Jack also noted that it’s important to remember that when there’s a decline in the economy, it doesn’t necessarily mean that your company will suffer. A lot of companies need to adopt technology to survive shifts in the economy—just look what happened during the pandemic—so it’s not always a bad thing in the tech sector.
Finally, giving up and running of our cash are two leading causes of death for startups. To survive, says Jack, you need to manage your own psychology and surround yourself with people who can support you through a tough day.
Raising Capital + The Importance of Intellectual Property
“Focus on your vision and what got you there and try to tune out the outside world.” – Sam Gharegozlou.
When it comes to raising capital, it’s tempting to take whatever money you can get. Dapper Labs’ Sam Gharegozlou warns against that. He shared that he selected investors that were the best fit with his vision. It’s important to find investors who believe in your values and what you’re trying to accomplish. If you don’t stay true to that, it’s just not worth it, he says, as down the road there will be conflicts. You need to trust your investors, and they you. They need to be a part of your journey with you, so they must believe in you.
While imitation is the sincerest form of flattery, it’s not good for business. On intellectual property, Sam shared that firstly, you have to protect your customers and secondly your own interests. It is not good for your brand if your customers are getting duped by copycats, so you have to figure out a way to prevent that. IP does get complicated when we’re talking about global markets, as each country has different requirements and applications. It takes time and money to figure that out, which you don’t have when you’re just starting out. However, at the end of the day you have to do it to protect your customers.
Psst: not sure where to start with IP? Innovate BC offers support. Reach out to learn more.
Attracting + Nurturing Great Talent
“Attracting and retaining the best people in the world also means having an incredible culture.” – Jack Newton
One of the biggest roadblocks for companies to scale right now is hiring top quality talent and finding it fast enough. Clio’s Jack Newton shared some tips:
Think hard about where you headquarter your company.
Consider a flexible hybrid work policy.
Expect high performance and empower entry-level employees to get there.
Be clear about your mission and foster connection to that purpose.
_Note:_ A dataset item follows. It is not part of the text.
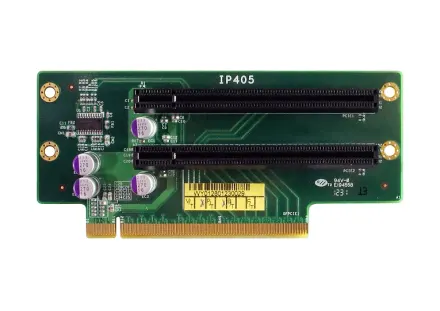 Riser Cards IP Series view 10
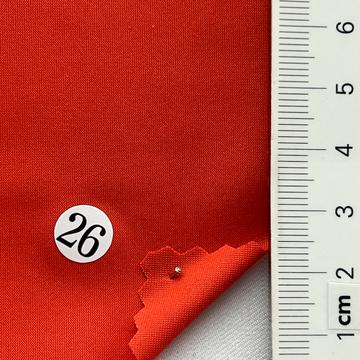 26 Orange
Develop a strong company culture.
Anna Sainsbury added that a lot of international talent wants to come to Canada. Having faster and easier processes for getting people into Canada helps Canadian businesses grow. Working together makes companies stronger and innovate faster.
Growing + Scaling in B.C.
“We’re at a very interesting point now—it’s arguably the most exciting time to start a company in B.C.” – Marc Low
In British Columbia, entrepreneurs have access to a lot of government support—whether it’s for hiring talent and developing skills, adopting novel technologies, or mentorship and business coaching. There are also numerous tax and finance incentives to starting a company.
However, KPMG Canada’s Marc Low suggests that right now is the most exciting time to start a company in B.C. Why? Because the tech ecosystem has matured to the point where founders have exited and are now coming back and providing funding as well as mentoring the next generation of founders.
The way the tech and innovation ecosystem in B.C. is evolving and maturing makes it the place to really go big.